━━━ GIVEN INFORMATION

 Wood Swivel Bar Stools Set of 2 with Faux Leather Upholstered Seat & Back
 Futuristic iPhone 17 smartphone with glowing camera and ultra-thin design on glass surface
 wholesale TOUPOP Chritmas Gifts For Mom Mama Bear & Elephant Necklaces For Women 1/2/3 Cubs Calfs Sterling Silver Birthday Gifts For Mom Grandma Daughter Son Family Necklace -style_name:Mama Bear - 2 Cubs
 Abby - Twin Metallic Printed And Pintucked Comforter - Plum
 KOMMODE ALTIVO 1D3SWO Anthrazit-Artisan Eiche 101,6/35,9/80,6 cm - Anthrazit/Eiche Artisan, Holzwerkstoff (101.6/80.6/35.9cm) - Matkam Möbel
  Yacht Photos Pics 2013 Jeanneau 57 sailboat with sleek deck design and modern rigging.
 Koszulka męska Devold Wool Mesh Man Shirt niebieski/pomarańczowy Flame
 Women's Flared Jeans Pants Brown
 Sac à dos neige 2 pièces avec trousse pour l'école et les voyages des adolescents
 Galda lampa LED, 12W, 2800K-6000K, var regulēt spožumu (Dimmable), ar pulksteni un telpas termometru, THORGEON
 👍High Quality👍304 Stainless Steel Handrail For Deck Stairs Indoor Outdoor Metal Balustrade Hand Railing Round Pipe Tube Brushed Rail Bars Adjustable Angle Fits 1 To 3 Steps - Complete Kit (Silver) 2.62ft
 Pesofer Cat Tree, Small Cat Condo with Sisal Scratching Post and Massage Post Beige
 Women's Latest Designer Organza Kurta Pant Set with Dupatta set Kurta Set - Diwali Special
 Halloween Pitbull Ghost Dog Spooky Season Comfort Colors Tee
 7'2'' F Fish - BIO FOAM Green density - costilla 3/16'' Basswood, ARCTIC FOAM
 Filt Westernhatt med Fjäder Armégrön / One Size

━━━━━━

■ ACTIVITY ■
The line containing "Kit (Silver) 2.62ft" marks the start. Reproduce it and all lines after it through the end of the listing, exactly and alone.

■ RESPONSE ■
 👍High Quality👍304 Stainless Steel Handrail For Deck Stairs Indoor Outdoor Metal Balustrade Hand Railing Round Pipe Tube Brushed Rail Bars Adjustable Angle Fits 1 To 3 Steps - Complete Kit (Silver) 2.62ft
 Pesofer Cat Tree, Small Cat Condo with Sisal Scratching Post and Massage Post Beige
 Women's Latest Designer Organza Kurta Pant Set with Dupatta set Kurta Set - Diwali Special
 Halloween Pitbull Ghost Dog Spooky Season Comfort Colors Tee
 7'2'' F Fish - BIO FOAM Green density - costilla 3/16'' Basswood, ARCTIC FOAM
 Filt Westernhatt med Fjäder Armégrön / One Size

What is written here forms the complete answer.